DRAPER — The remains of Maj. Brent Taylor, the North Ogden mayor killed earlier this month while serving in Afghanistan, are finally headed back to Utah.
His remains will be coming from Dover Air Force Base in Delaware, arriving around 3 p.m. on Wednesday at the Roland Wright Air National Guard Base in Salt Lake City, Maj. D.J. Gibb of the Utah National Guard said Tuesday.
His funeral is scheduled for 1 p.m. Saturday at the Dee Events Center on the Weber State University campus in Ogden, Gibb said. A viewing will be held the day before, from 5-8 p.m. Friday. The public is invited to both events.
"It's going to make it very real," said Phillip Swanson, a member of the North Ogden City Council. Finally seeing the casket containing Taylor's remains "will make it very real, tangible."
In conjunction with news of the return of Taylor's remains, Kristy Pack, Taylor's sister-in-law, expressed gratitude at the outpouring of support his death has generated.
"We are humbled by the incredible response of the public in support of Maj. Taylor’s family and friends during this very difficult time,” she said in a National Guard statement outlining the timeline of funeral events. “We feel the strength of the community and are grateful for their outpouring of love and prayers.”
Taylor died Nov. 3 while serving in Afghanistan with the Utah Army National Guard. A member of the Afghan special forces he was helping train apparently turned on him and killed him, according to authorities. He was on leave as North Ogden mayor and nearing the end of a one-year deployment with the military.
The tragic turn shocked and saddened many in Utah beyond, and Dee Events Center was picked to accommodate the large number of mourners expected. The facility, home to the WSU basketball team, can accommodate more than 12,000 people, depending on the seating configuration.
A "military vigil" is scheduled outside Myers Mortuary in Ogden from 8 p.m. Friday, after the viewing, until 8 a.m. Saturday. A military contingent will be "watching over Maj. Taylor's remains," the National Guard statement said.

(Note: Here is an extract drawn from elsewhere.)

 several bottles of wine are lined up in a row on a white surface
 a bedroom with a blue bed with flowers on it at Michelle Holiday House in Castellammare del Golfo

Following, Saturday's funeral, Taylor's remains will be taken by procession for burial at Ben Lomond Cemetery in North Ogden, "the city he loved so much," said Pack. Swanson said representatives from law enforcement agencies, fire departments and more will take part in the procession and side streets will be closed as it passes.
"It's a large procession," he said.
FILLING HOLES LEFT BEHIND
Also Tuesday, the North Ogden City Council formally adopted the timeline for selecting a new mayor to replace Taylor.
Brent Chugg has been serving as mayor since Taylor left for Afghanistan last January per legislation that allows for a temporary replacement when the incumbent mayor goes on military leave. But with Taylor’s death, the mayoral post is considered vacant and the city council must pick a new leader.
Per the process, candidates may apply starting Wednesday and they will have until noon Dec. 3. Then the city council will interview the hopefuls at a public meeting on Jan. 8 and make a selection.
The mayor selected would serve until January 2020. In November 2019 elections, meanwhile, voters would pick a mayor to serve the final two years of Taylor’s four-year term, from January 2020 until January 2022. Taylor was elected to his second term as mayor in 2017.
Tuesday’s city council meeting was the first since Taylor’s death and officials held a moment of silence in his honor.
“We certainly mourn the loss of our great friend, colleague and mayor and warrior in the U.S. Army,” Chugg said.
Swanson praised the outpouring of support from the community to help the Taylor family. He knew North Ogden was a great community, he said, “but with the tragedy it has been reinforced 1,000 times, how great the residents are.”